15% of vendors receive extensive write-permissions that allow them to modify active cloud resources. In most cases, the access could have been restricted
Over 90% of organizations were unaware that they have extensive read-write permissions provided to third-party vendors
Use zero trust network access (ZTNA) to secure user access to cloud applications. The transformation from an office-based work environment to a secure work-from-anywhere environment cannot happen by adapting the same trust relationships. Companies have to adapt to ZTNA, where access to applications is allowed only for authorized users. Zscaler Private Access (ZPA) can help you get zero-trust right by eliminating external attack surfaces and risks of lateral propagation.

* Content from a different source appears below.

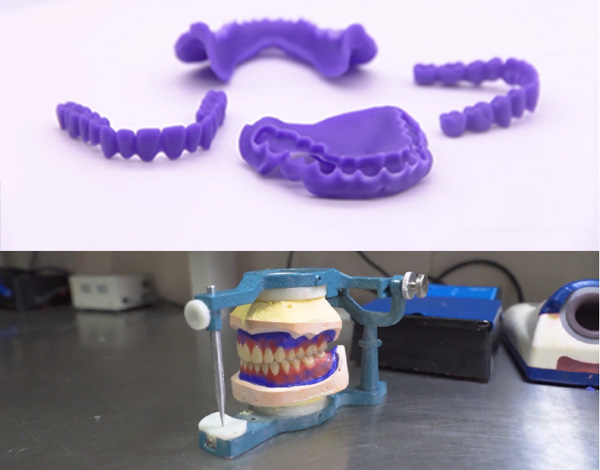 Replacing 3D printed teeth with real false teeth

ZPA hides applications behind a cloud-native proxy and brokers 1:1 connections between users and applications to not expose the network
Use zero trust for cloud workloads. The transformation to the cloud from legacy data centers to globally distributed cloud environments faces similar challenges. Companies should expand zero trust to the cloud as they do with people. This trust can be as broad as the communication between VPCs and as granular as communication between applications. Zscaler products such as Zscaler Cloud Connector and Zscaler Workload Segmentations can help solve these problems
Log and monitor access and traffic. Besides maintaining visibility as part of a zero trust deployment, incident response activities require comprehensive logging across all assets and services
Take responsibility for configuring and maintaining your environment. While cloud environments are covered under a shared responsibility for security with the service provider, the proper configuration of these environments is the responsibility of the consumers of cloud services. A cloud security posture management service can help identify misconfigurations, and coupled with Cloud Infrastructure Entitlement Management, it can be used to identify permission issues and act as a logical progression from long-established identity and access management (IAM) and privilege access management (PAM) solutions built on least privilege approaches
The use of public clouds is growing, and so are the attacks targeting them. But that doesn’t mean public clouds are risky, and organizations should stay away from them. ThreatLabz has found that the biggest factor in most successful cyberattacks on public cloud instances is security misconfigurations rather than underlying vulnerabilities in these infrastructures.
The pandemic has accelerated the shift to a distributed workforce and distributed applications. While the risks from these are expanding and the attacks exploiting them are increasing, companies should provide additional focus and scrutiny to their public cloud and focus on adapting their mindset towards securing a distributed workload.